Every single volume of slightest interest that I didn't buy I made careful note of inside the paper bag my methadone came in. Author, title, price... I'm the character Oscar Wilde was speaking of when he famously remarked on the price of everything and the value of nothing...
But prices aside, I carefully checked everything on display. What I wanted more than anything was something nonficitonal and rivetting. For a novel to hold my attention it has to be really special. Otherwise my attitude pretty much goes: this isn't even TRUE, yet you think I should be leafing forever onwards through your tawdry tale? The only novels that have grabbed me in recent times are thrillers. When I heard you could make £20k writing romance and that top writers knock out five or more a year I bought one for 20p. I seriously could not make it past page one. I have an idea (amongst so very many) for a crime series. Who knows, I might one day even put pen to paper (or digits to keys)... As it is I'm mired in my present project which is slowly ongoing. My characters are so real to me. Their story HAS to be told....
Anyway I perused carefully through this not-too inspiring selection of German books and came away with a Collins Gem German dictionary for £1. It's tiny but I quickkly realized on getting it home that my vocabulary has outgrown it. My favourite German word, klitzeklein which means teeny-tiny wasn't there, because the book is too klitzeklein itself!
Most of the novels were translations from English, whcih seemed the biggest waste of time. I want to know I'm experiencing something unique. So I chose a thriller by Volker Klüpfel and Michael Kobr called Seegrund which means Bottom of the Lake. Paragraph one I understood perfectly... because it was somebody speaking English!

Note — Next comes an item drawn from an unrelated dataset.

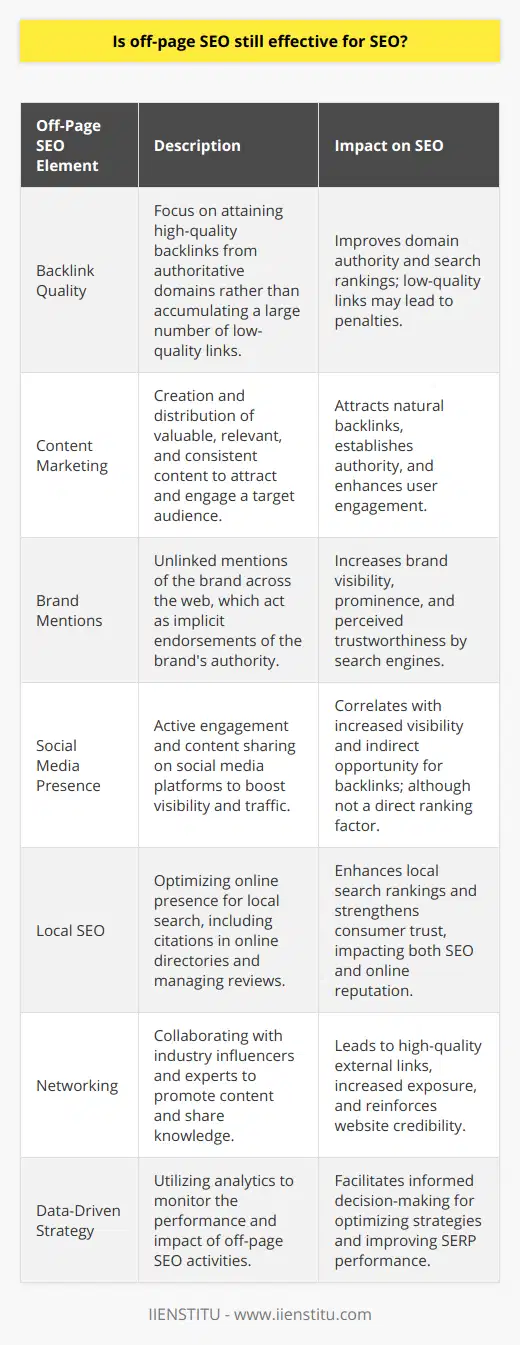 Off-page SEO has historically played a pivotal role in digital marketing strategies and its importance persists even as search engines evolve. By extending efforts beyond a website's own domain, organizations can significantly influence their digital presence and performance in search engine results pages (SERPs).Backlink Quality over QuantityWhile the basic principle of generating backlinks has remained constant, the approach has shifted significantly from quantity to quality. A smaller number of high-quality backlinks from authoritative domains are now far more effective than a large number of low-quality links. Search engines like Google have refined their algorithms to prioritize the relevance and authority of the linking website, penalizing generic link-building strategies.Content Marketing and Authority BuildingContent marketing has become intricately linked with off-page SEO. High-quality content that is shared, cited, and referenced across different online platforms establishes a website’s authority. As such, content that is informative, engaging, and solves the user's intent can garner natural backlinks and social mentions, thereby boosting SEO.Brand Mentions and CitationsSearch engines also factor in unlinked brand mentions, acknowledging them as implicit links or citations. These mentions contribute to a brand's prominence and reputation. The more a brand is talked about, the more likely it is to be deemed authoritative and trustworthy by search engine algorithms.Strategic Social Media PresenceA strategic social media presence contributes to off-page SEO. Though social signals (likes, shares, and follows) are not direct ranking factors, they correlate with higher visibility and traffic. Search engines can crawl and index content shared on social platforms, which increases the potential for backlinks and enhances brand visibility.Local SEO and Online DirectoriesFor businesses with a physical presence, local SEO is a crucial component of their off-page strategy. Citations in online directories and platforms like Google My Business help improve local rankings. Reviews on these platforms further influence consumer trust and search engine rankings, indicating the significance of maintaining a positive online reputation.Collaboration and NetworkingNetworking with influencers, bloggers, and industry experts to share and promote content can robustly complement off-page SEO strategies. Featured interviews, expert roundups, and joint webinars can lead to high-quality external links and increase a website's exposure and credibility.Data-Driven Off-Page SEOA data-driven approach to off-page SEO is now more crucial than ever. Businesses can leverage tools like IIENSTITU's analytics to track the performance of their off-page activities, understanding how backlinks, social shares, and other factors affect their search engine rankings and online visibility.In conclusion, off-page SEO in modern digital marketing is not only effective but a necessary complement to on-page strategies. It requires a synchronized approach focusing on creating shareable content, engaging with the audience through social media, maintaining a strong local presence, and fostering meaningful industry connections. Above all, a data-informed strategy is indispensable for optimizing off-page SEO efforts and achieving long-term success in SERPs.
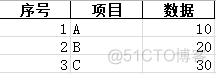 python的自动化办公 python自动化办公代码_python_03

But I found I also understood paragraph two just as well. This is seriously freaky.
I was about to take my purchases to the till when I realized that behind me was another mixed language pile of children's picture-books. And here, finally, the book I've long been searching for ~ an illustrated encyclopedia of science. As well as all types of animals and plants, we have the Solar System, the sun, the stars, asteroids and meteorites, comets; the weather, the human body, some amazing star maps and the cutest photograph ever of a family of golden bears crossing the ridge of a waterfall, Mummy Bear glancing back to make sure her babies aren't tumbling over the side... This is the book I've longed for ever since I took up German again. It gives all the basic vocab on everything. It's dead easy to read and beautifully illustrated. My best spent £2 in a long, long while!
Though I still feel full of unaccountable gloom whenever I stop, I'm determined to keep on running so my misery won't bite me on the bum and eat me. Perhaps there's no magic cure for depression, but at least knowing that you're accomplishing something, even if it is just learning to speak over again... That does help a little.
Now I must ping. it's nearly 4am. I'm only awake due to my broken sleep cycle.
Apart from books, my best news is THE HEATWAVE HERE IS OVER! Normal cool weather is resumed! I couldn't be happier.
Wishing y'all a cheery day :-)...
PS Chogstable the nightingale is trilling and tootling his klitzekleine head off in the cherry tree outside, the feathery swine!